--- WHAT IS REQUIRED ---
Take the line containing "Then since we" and every line after it to the end of the records, and copy them exactly, leaving out pictures.

--- PROVIDED DATA ---
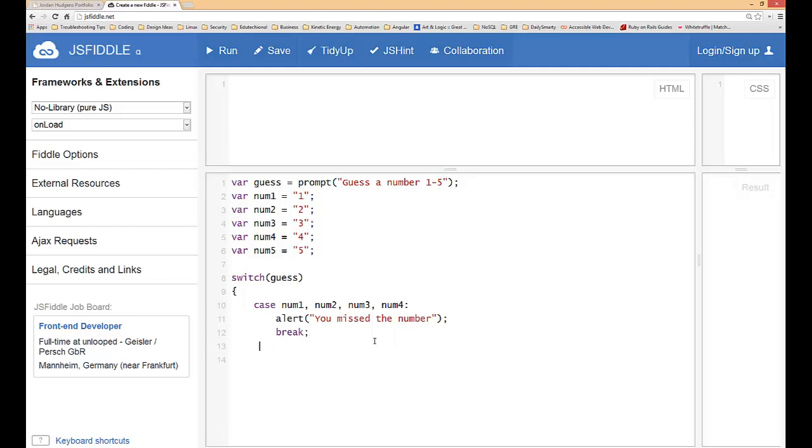So if someone guesses 1 2 3 or 4 they're going to get the answer you missed it in an alert box. Then we're going to do the next case which is the case where they guess the right answer, which for this mini game is going to be number five. And now we do the same thing, do alert you guessed it and then give it a break statement.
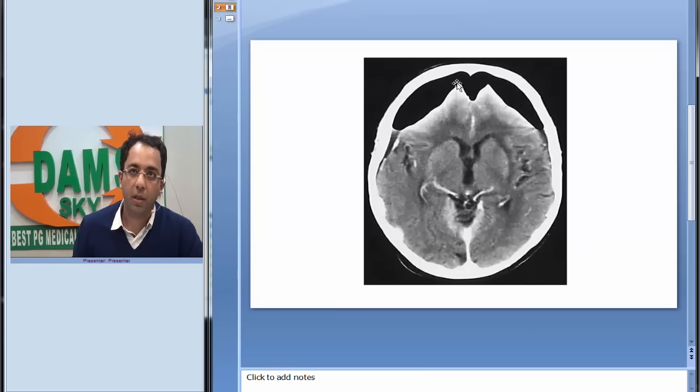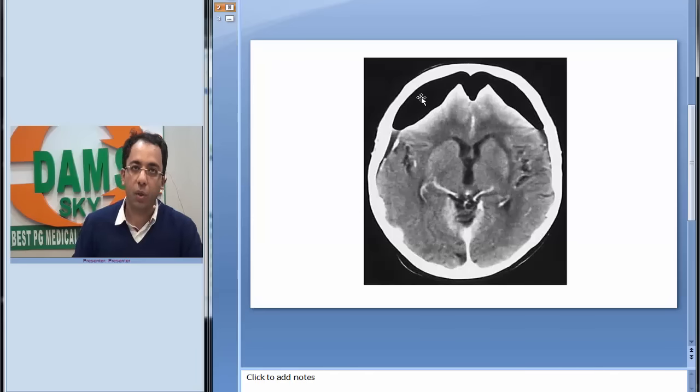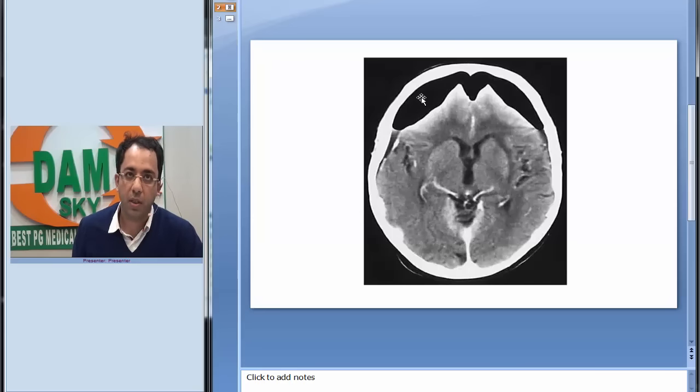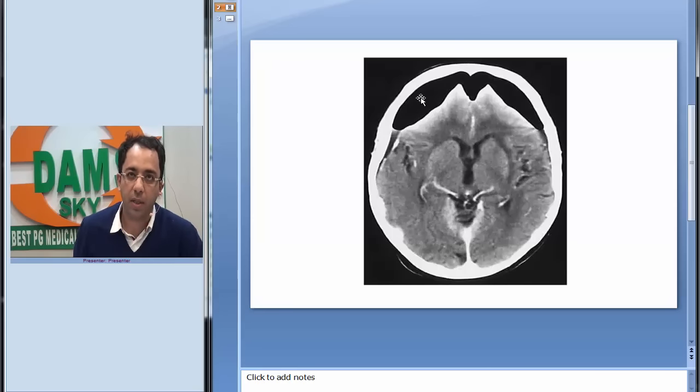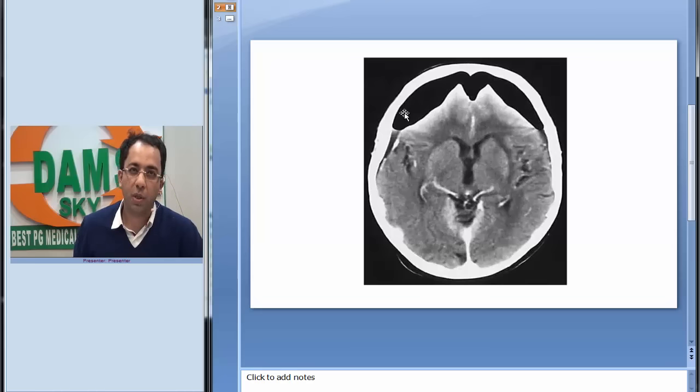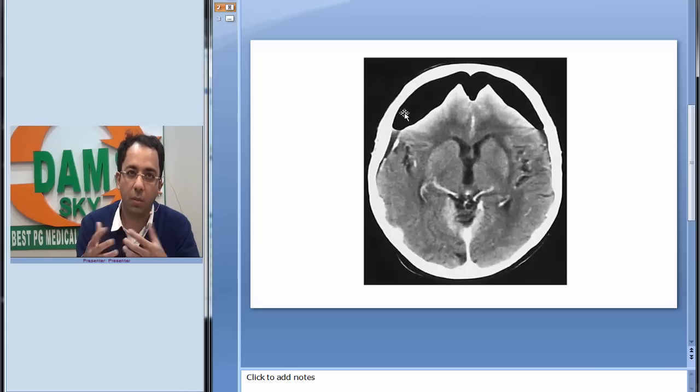You can see some dark area that is totally black. We know from the Hounsfield scale that air on CT scan would look black. This is air. This is a post-operative patient which came to us on a CT operative follow-up scan.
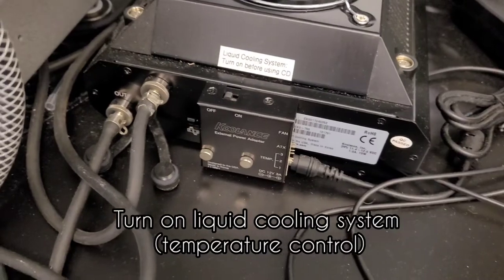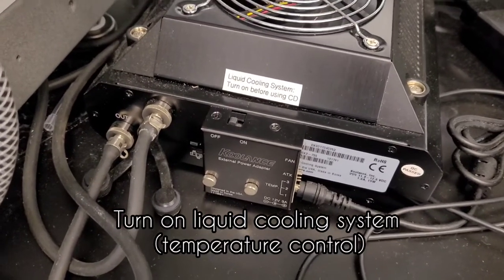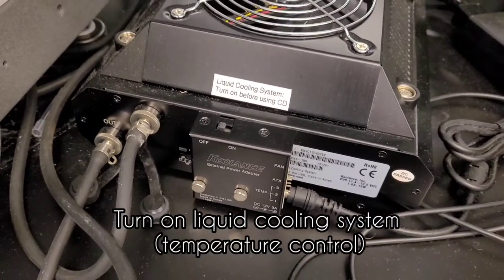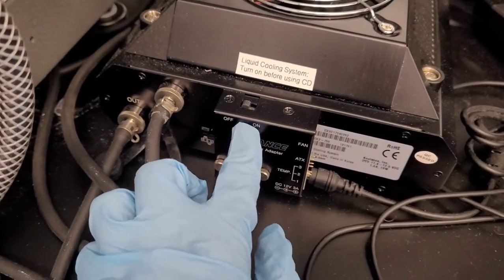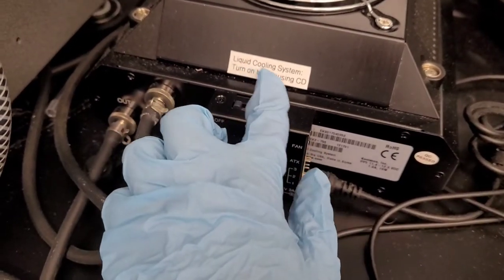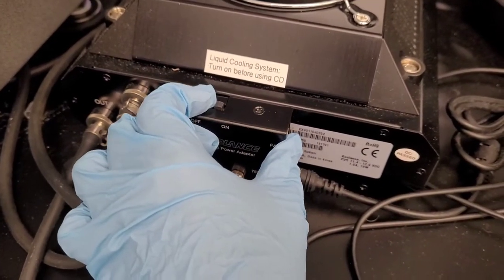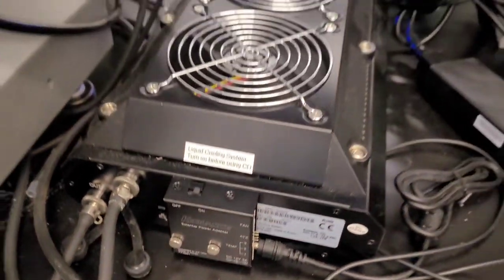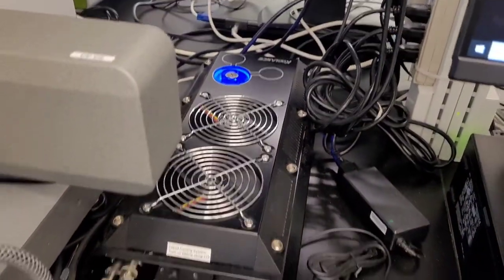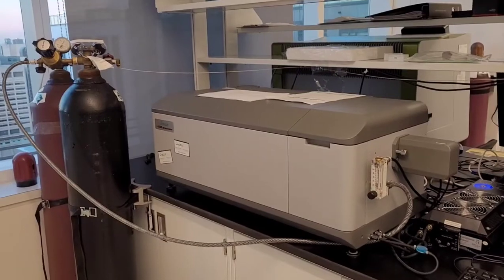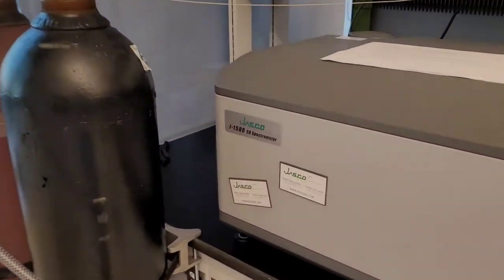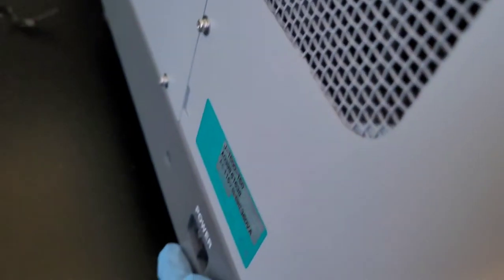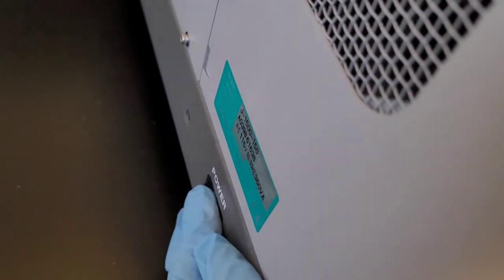Then since we are doing thermal denaturation and temperature is important, we are going to turn on the liquid cooling system. Then after a few minutes have passed, you can turn on the machine by using this switch here.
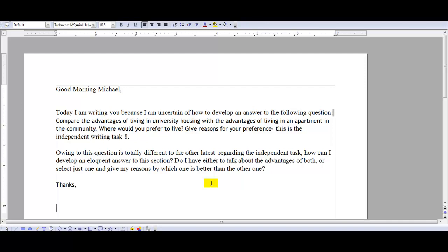In the second paragraph, talk about the advantages of living in university housing without giving your own opinion. Talk about it objectively.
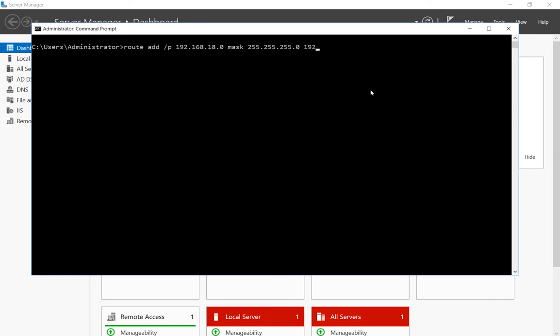So as I mentioned before the gateway is the router, so there is the 15.254. So in order to get from the dot 15 network to the dot 18 network we've got to go through that router at dot 254.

--- YOUR SOLUTION ---
Then since we are doing thermal denaturation and temperature is important, we are going to turn on the liquid cooling system. Then after a few minutes have passed, you can turn on the machine by using this switch here.
In the second paragraph, talk about the advantages of living in university housing without giving your own opinion. Talk about it objectively.
So as I mentioned before the gateway is the router, so there is the 15.254. So in order to get from the dot 15 network to the dot 18 network we've got to go through that router at dot 254.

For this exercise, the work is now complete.